The growing popularity of this technology is explained largely by customer satisfaction: homeowners with radiant heat report that it heats evenly, with fewer hot or cool spots and less stratification. Radiant heat costs more to install: it requires careful design and skillful installation. But it is easy to zone.

Electric baseboard. Mounted on exterior walls at floor level, electric baseboard heaters consist of sheet metal housings that protect wires inside that, like those in a toaster, warm and glow when current is run through them. The heating elements are lined with metal fins that heat the air around them; the housing then allows air to circulate in the bottom and out the top. Electric baseboard radiators are inexpensive to install.
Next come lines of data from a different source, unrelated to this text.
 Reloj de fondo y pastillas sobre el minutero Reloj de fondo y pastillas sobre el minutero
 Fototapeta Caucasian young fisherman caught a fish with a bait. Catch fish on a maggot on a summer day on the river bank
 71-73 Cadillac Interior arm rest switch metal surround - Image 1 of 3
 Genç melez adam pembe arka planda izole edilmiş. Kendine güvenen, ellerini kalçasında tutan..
Baseboard heaters are wired like any other electrical appliance. A feed line is run through the walls or floors from the electrical panel to the baseboard unit. Some baseboard heaters come with their own thermostats, but in a room where several radiators are required, a thermostat is mounted on an interior wall as a control sys­tem. This also means that electrically heated homes are easily zoned; for the added expense of a few thermostats, every room becomes its own zone, where the heat can be lowered when it’s not in use.
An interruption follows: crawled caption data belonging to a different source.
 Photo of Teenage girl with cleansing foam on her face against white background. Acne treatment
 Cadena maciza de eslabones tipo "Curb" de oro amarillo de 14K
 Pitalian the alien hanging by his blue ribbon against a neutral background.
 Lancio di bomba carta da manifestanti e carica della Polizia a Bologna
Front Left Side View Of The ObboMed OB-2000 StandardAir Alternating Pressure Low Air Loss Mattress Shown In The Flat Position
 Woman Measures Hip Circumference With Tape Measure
Electric baseboard heat is inexpensive to install, but it’s very costly to run. That’s one reason it’s often found in spec houses—the builder wants to save money up front and doesn’t have to worry about bloated electric bills later. On the other hand, electric heat is quiet, clean, and quite unobtrusive (the base­board units are modest in size and interfere little with furniture placement). I would not recommend using such systems for an entire house, especially in a cold climate. But for a small addition where the cost of enlarging an existing hot water or hot air system might be prohibitive, electric baseboard may be an appropriate choice.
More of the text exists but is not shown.